Saturday, January 19, 2019: 4:00 PM-5:30 PM
Golden Gate 2, Lobby Level (Hilton San Francisco)
Laina Bay-Cheng, PhD, University at Buffalo,
Amy Baker, PhD, University of Pennsylvania,
Daria Mueller, MSW, University of Wisconsin-Milwaukee,
Michael Reisch, PhD, University of Maryland at Baltimore and
Sheila P. Vakharia, MSW, Drug Policy Alliance
A primary aim of early social work research was to provide empirical evidence of social and material inequalities with the goal of provoking needed change in public opinion, policy, and practice. Despite this original allegiance with activism, social work researchers often experience tension between their commitments to scientific methods and to social change.
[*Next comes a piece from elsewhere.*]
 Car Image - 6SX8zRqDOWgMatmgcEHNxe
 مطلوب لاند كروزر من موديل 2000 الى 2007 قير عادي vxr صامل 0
Ironically, biased notions of objectivity dominate perceptions of empirical rigor and validity. As a result, research operating under a values-neutral pretense is often deemed more credible than explicitly values-driven research. This roundtable will bring together featured participants and audience members to consider the relation between research and activism and its particular ramifications for social work research. Central questions up for discussion will include:
· What is the appropriate (i.e., ethically, socially, intellectually) balance between empiricism and activism?
· How should social work rebut claims that activist or values-driven research is less (or not at all) scientific?
· How are sociopolitical and economic conditions (e.g., denials of fact, corporatization of universities, threats to unions and tenure) affecting social work research and its role in social change efforts?
· How can established social work scholars enable early career researchers’ empirical contributions to social justice?